The Byrd family, which had spent that day watching its son play in Syracuse, had already made it back to Schenectady. Then the phone rang.
‘To get that call at 4 o’clock in the morning,’ said David Sr., ‘it’s pretty tough.’
The Byrds drove two hours back to Syracuse. When they arrived at Crouse Hospital, Byrd was in serious condition. He had stab wounds to his neck, back and leg. One just missed his heart.
DeLoatch said he hardly felt pain after the attack. In fact, much like Jackson, he didn’t even know he was stabbed. He only felt a tingly sensation, like ‘pins and needles.’
‘Once the adrenaline started going,’ DeLoatch said, ‘I didn’t even feel the puncture. The whole thing was going so fast. Before you know it, it’s over. I didn’t know I got stabbed until I got pulled back into the bar. I looked at my arm and there was blood everywhere.’
His main concern was Byrd, whom his mother reported was failing.
DeLoatch prayed. So did Claud’Evelyn and an entire Syracuse community. It took months for the physical wounds to heal. The emotional wounds took much longer.
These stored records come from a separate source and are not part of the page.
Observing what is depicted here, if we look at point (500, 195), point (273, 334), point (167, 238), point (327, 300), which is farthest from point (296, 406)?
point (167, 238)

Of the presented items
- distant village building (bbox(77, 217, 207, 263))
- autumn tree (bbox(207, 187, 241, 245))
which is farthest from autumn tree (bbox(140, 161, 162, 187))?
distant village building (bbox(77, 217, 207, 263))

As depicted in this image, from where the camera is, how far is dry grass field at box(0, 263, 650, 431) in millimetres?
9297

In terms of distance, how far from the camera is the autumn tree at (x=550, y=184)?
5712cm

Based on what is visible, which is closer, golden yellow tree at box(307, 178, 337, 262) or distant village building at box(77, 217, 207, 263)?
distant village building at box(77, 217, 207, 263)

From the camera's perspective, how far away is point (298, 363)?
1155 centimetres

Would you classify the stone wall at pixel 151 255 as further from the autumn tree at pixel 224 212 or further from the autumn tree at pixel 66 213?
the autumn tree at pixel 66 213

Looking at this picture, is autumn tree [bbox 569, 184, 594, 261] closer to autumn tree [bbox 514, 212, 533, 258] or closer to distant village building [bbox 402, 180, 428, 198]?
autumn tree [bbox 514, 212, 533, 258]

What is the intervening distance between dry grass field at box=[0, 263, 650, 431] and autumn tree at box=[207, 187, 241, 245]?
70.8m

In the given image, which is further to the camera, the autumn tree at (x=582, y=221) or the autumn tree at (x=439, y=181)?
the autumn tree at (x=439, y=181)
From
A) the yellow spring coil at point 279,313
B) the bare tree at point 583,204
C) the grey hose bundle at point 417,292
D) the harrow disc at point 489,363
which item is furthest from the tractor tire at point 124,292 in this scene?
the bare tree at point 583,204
Claud’Evelyn could barely sleep at night, and when she did, she’d see nightmares.
‘I was really sick,’ Claud’Evelyn said. ‘It was a long time before I could get over it. That’s my only boy. I’m over it now. It was just so close, the fact that it could reach my family, our faces were just down. We had to pray real hard and keep ourselves encouraged. It wasn’t just for Giovanni. It was for the other young men, too.’
After a while, the men recovered. One by one, they were released from the hospital, but not from the terrible memories. David Byrd Sr. doesn’t like to talk about that early Halloween morning. Neither Byrd nor Pettijohn could be reached for comment.
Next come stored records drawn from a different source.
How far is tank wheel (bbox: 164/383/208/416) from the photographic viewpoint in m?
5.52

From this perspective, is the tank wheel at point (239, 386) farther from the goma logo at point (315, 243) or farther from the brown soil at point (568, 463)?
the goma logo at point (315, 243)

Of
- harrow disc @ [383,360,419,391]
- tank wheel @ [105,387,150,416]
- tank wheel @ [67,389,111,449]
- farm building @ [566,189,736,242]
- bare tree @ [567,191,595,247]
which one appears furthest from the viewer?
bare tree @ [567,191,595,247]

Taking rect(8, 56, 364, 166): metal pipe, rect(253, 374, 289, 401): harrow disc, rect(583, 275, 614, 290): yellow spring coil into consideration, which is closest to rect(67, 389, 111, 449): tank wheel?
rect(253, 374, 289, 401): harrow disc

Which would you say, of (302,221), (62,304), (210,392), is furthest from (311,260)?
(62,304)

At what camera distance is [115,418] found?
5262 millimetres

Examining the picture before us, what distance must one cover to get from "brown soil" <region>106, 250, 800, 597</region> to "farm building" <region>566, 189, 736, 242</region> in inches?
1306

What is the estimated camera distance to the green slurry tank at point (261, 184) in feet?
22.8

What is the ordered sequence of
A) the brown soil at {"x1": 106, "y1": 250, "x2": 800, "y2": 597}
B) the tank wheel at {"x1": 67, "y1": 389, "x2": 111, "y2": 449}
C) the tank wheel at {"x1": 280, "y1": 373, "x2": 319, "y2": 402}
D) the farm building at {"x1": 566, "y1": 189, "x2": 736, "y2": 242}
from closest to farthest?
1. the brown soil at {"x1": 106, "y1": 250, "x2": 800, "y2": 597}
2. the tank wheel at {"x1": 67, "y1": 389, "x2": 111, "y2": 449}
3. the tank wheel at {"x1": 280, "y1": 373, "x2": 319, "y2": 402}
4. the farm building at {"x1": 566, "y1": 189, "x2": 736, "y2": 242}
DeLoatch said the incident has made him stronger and wiser. He knows how to avoid trouble, he said. ‘It makes you grow up,’ he said. ‘God blessed me. He told me, ‘You have to grow up. You can’t do this anymore.’ It’s a life lesson.
‘It’s sad to hear that someone had to go through what I went through. It’s something you don’t expect. But when it happened, I had to deal with the situation. It’s never OK to get stabbed. But anything that doesn’t kill you makes you stronger. I’m still here, I’m still breathing.’
And so is Jackson. And for that, he, too, should feel blessed.